◆ What is expected ◆
Before you return the lines below, strip out any images and keep every word as written.

◆ Data excerpt ◆
☆ ☆ ☆ ☆ ☆ ☆ ☆

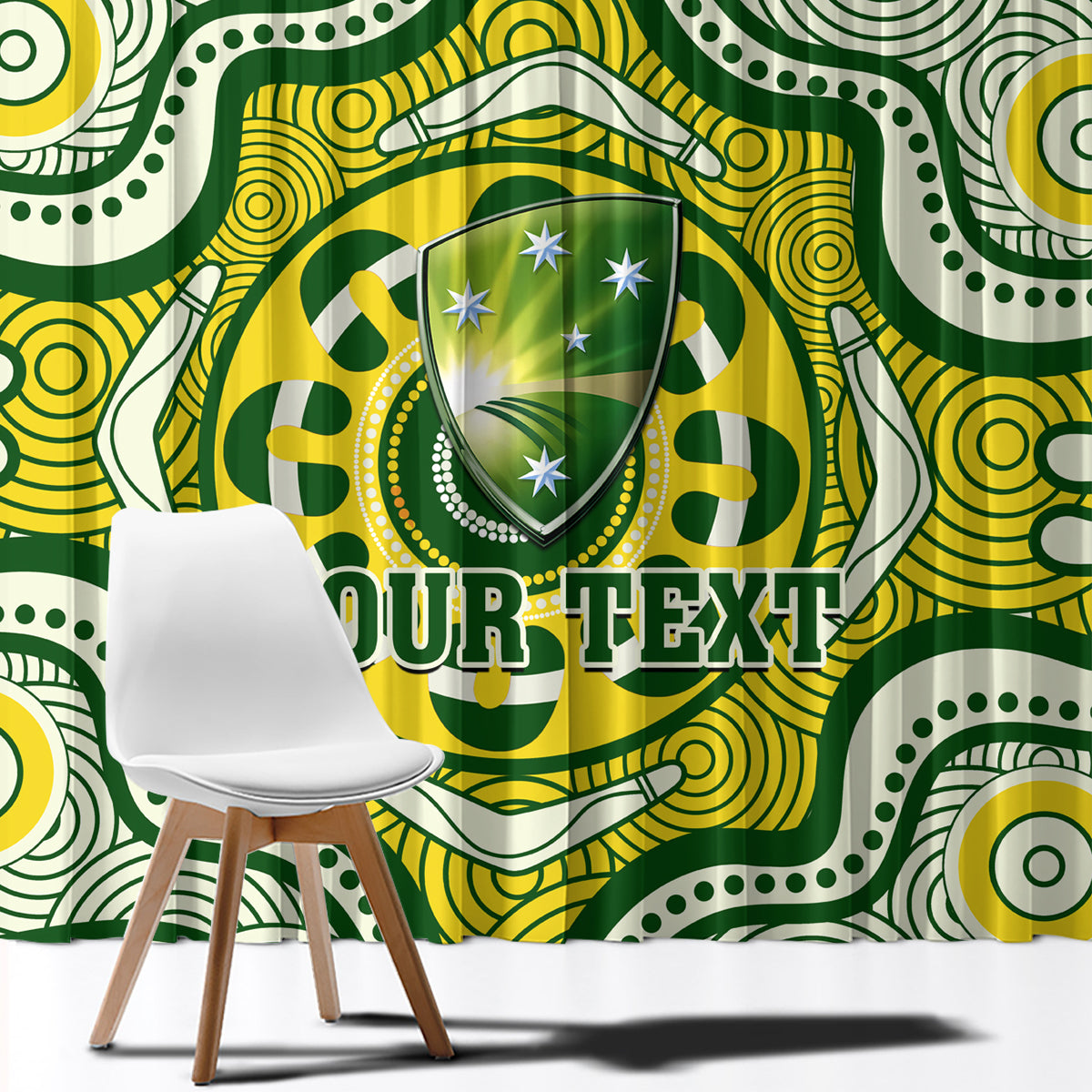 custom-australia-cricket-window-curtain-boxing-day-2023-test-indigenous-art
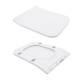 Унітаз підлоговий Qtap Crow Eco безобідковий з сідінням Soft-close QTCRO27W48750 SD00054874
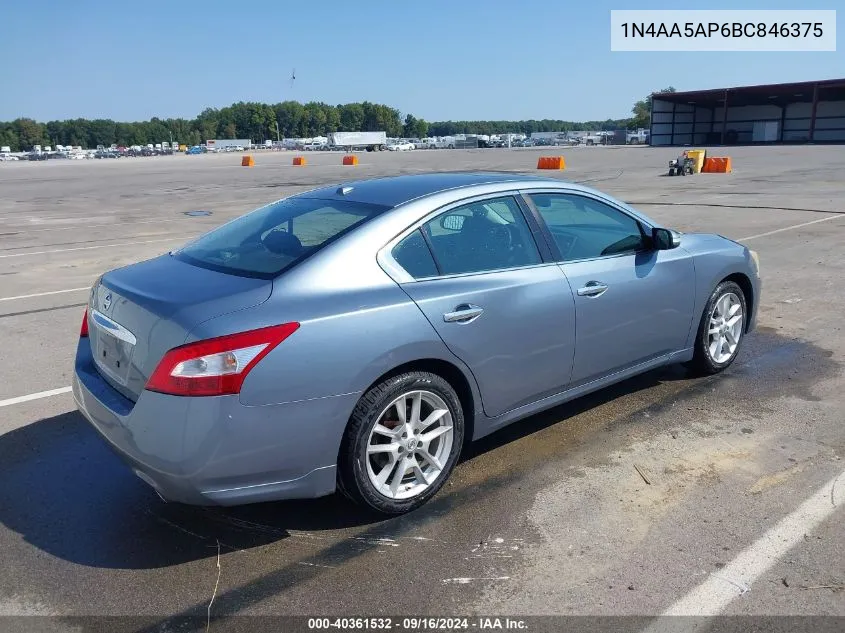 1N4AA5AP6BC846375 2011 Nissan Maxima 3.5 Sv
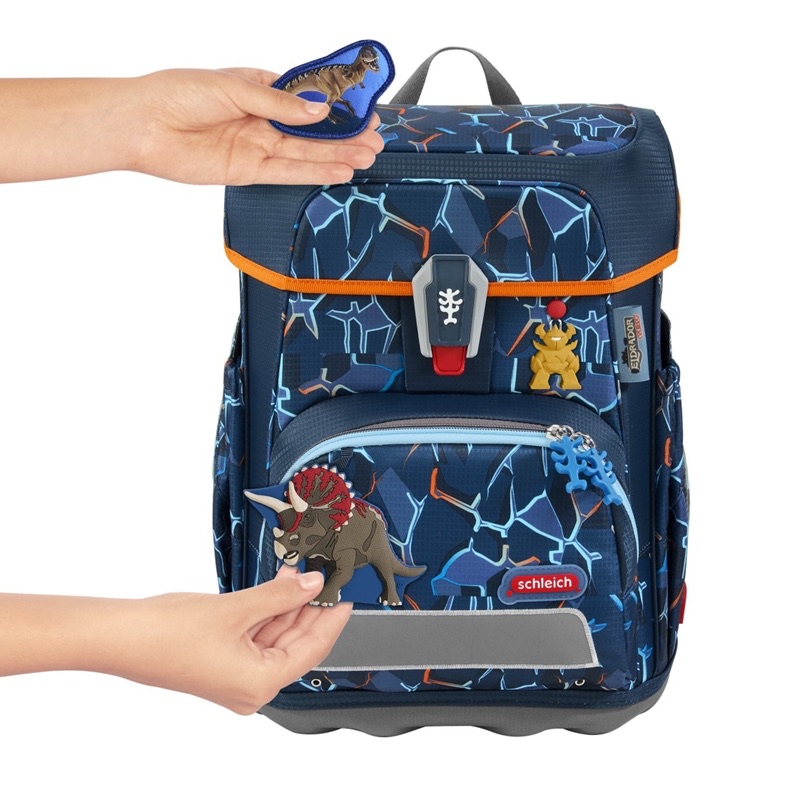 Step by Step Cloud schleich® Schulranzen-Set 5-tlg. Eldrador Creatures® Lava Dragon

☆ ☆ ☆ ☆ ☆ ☆ ☆

◆ Worked solution ◆
 custom-australia-cricket-window-curtain-boxing-day-2023-test-indigenous-art
 Унітаз підлоговий Qtap Crow Eco безобідковий з сідінням Soft-close QTCRO27W48750 SD00054874
 1N4AA5AP6BC846375 2011 Nissan Maxima 3.5 Sv
 Step by Step Cloud schleich® Schulranzen-Set 5-tlg. Eldrador Creatures® Lava Dragon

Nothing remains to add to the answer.